/DQN-FlappyBird

Play flappy bird with DQN, a demo for reinforcement learning, implemented using PyTorch

Primary LanguagePython

Flappy Bird With DQN

DQN is a technology to realize reinforcement learning, first proposed by Deep Mind in NIPS13(paper in arxiv), whose input is raw pixels and whose output is a value function estimating future rewards. Using Experience Replay, they overcame the problem of network training.

This demo is about using DQN to train a convolutional neural network to play flappy bird game. It is a practice when I learned reinforcement learning and partly reused songrotek's code, especially the game engine and basic idea. Thanks for sharing, thanks to the spirit and community of open source.

A video of the demo can be found on YouTube or 优酷 Youku if you don't have access to YouTube.

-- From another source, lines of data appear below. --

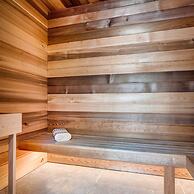 Fawns Keep - Hot Tub and Sauna Retreat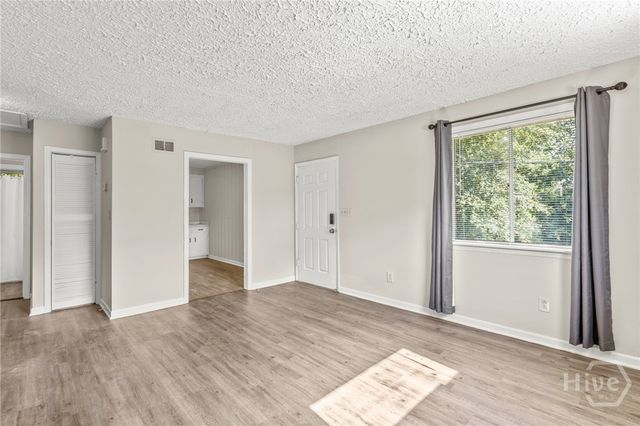 6 Ronnie Avenue, Savannah, GA 31408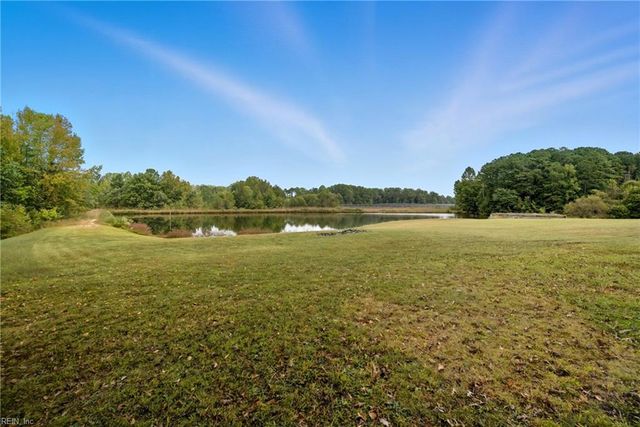 19675 Cross Keys RD, Boykins, VA 23827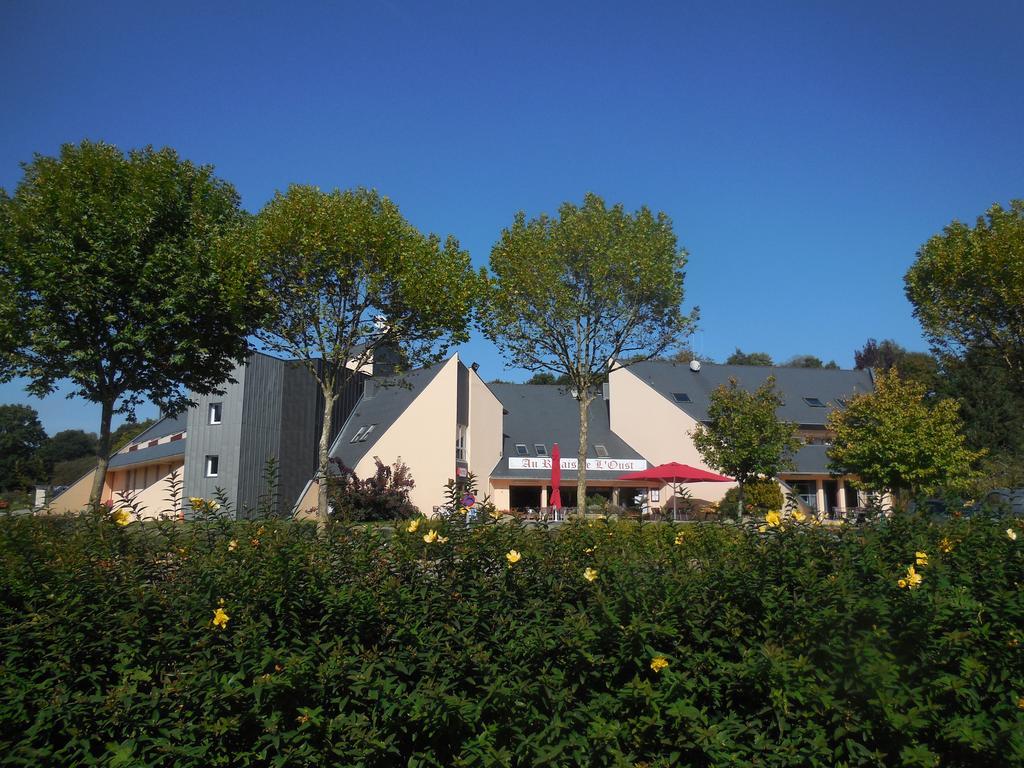 Hotel Au Relais De L'Oust Lanouée Camera foto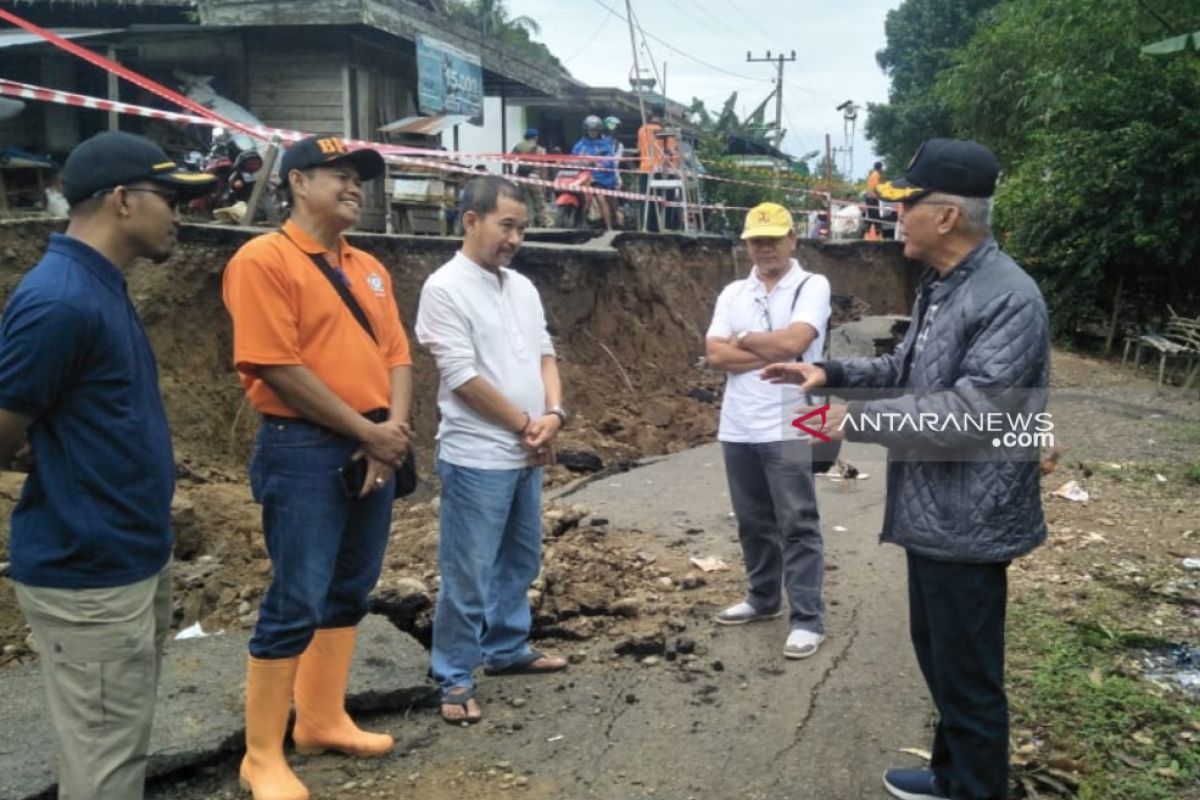 Jalan longsor di Hapingin baru bisa diperbaiki tahun anggaran 2020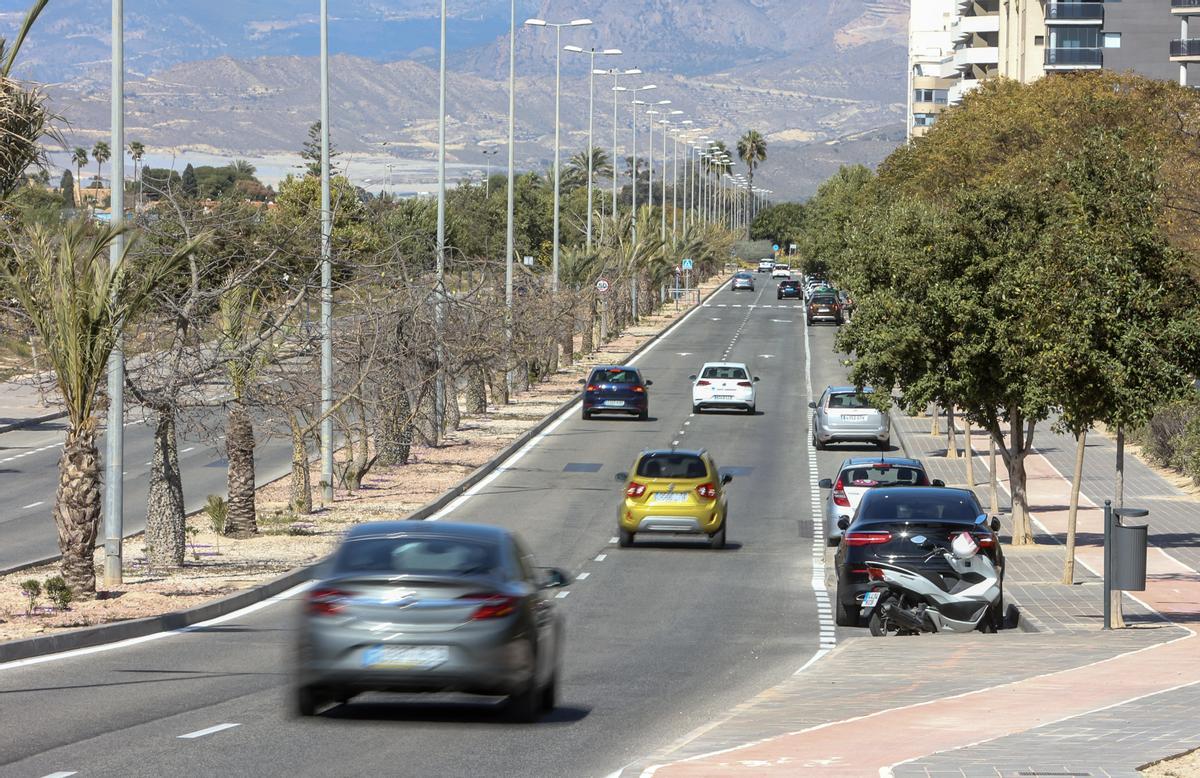 La velocidad preocupa a los vecinos de la avenida de las Naciones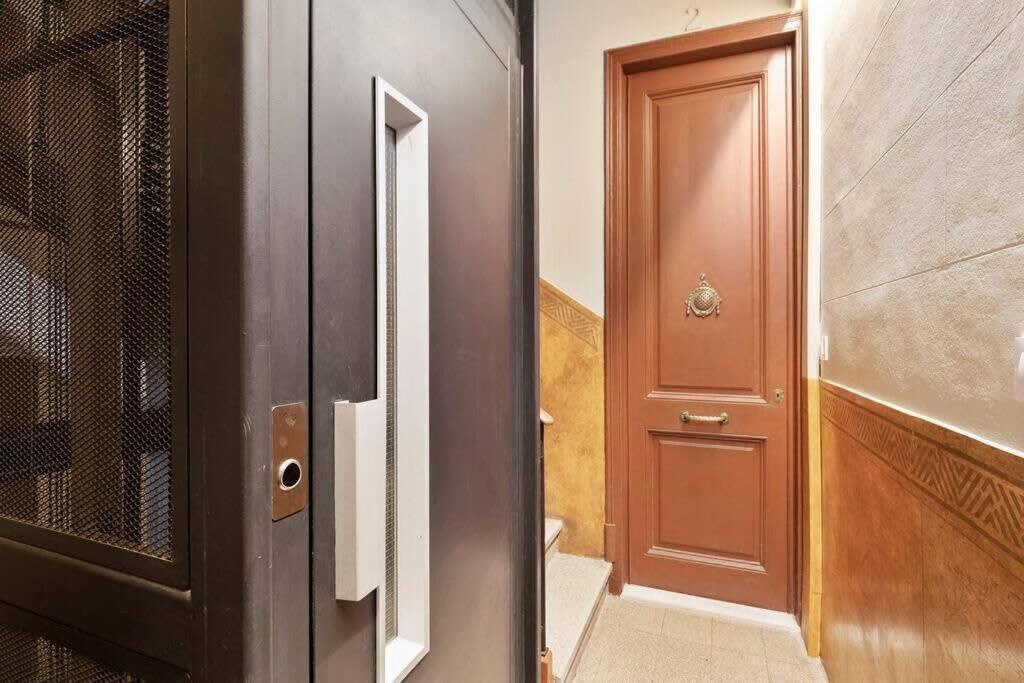 Apartamento Arc De Triomf Luxury Modern 2-bedroom 2-bathroom Barcelona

DQN implemented by PyTorch

PyTorch is an elegant framework published by Facebook. I implemented the neural network and training/testing procedure using PyTorch. So you need install PyTorch to run this demo. Besides, pygame package is needed by the game engine.

How to run the demo

Play the game with pretrained model

At the beginning, you can play the game with a pretrained model by me. You can download the pretrained model from Google Drive (or Baidu Netdisk if Google Drive is not available) and use the following commands to play the game. Make sure that the pretrained model is in the root directory of this project.

chmod +x play.sh
./play.sh

For more detail infomation about the meaning of the arguments of the program, run python main.py --help or refer to the code in main.py.

Train DQN

You can use the following commands to train the model from scrach or finetuning(if pretrained weight file is provided).

chmod +x train.sh
./train.sh   # please see `main.py` for detail info about the variables

Some tips for training:

  • Do not set memory_size too large(or too small). It depends on available memory in your computer.

  • It takes a long time to complete training. I finetuned the model several times and change epsilon of ϵ-greedy exploration manually every time.

  • When choose action randomly in training, I prefer to 'DO Nothing' compared to 'UP'. I think it can accelarate convergence. See get_action_randomly method in BrainDQN.py for detail.

Disclaimer

This work is based on the repo songrotek/DRL-FlappyBird and yenchenlin1994/DeepLearningFlappyBird. Thanks two authors!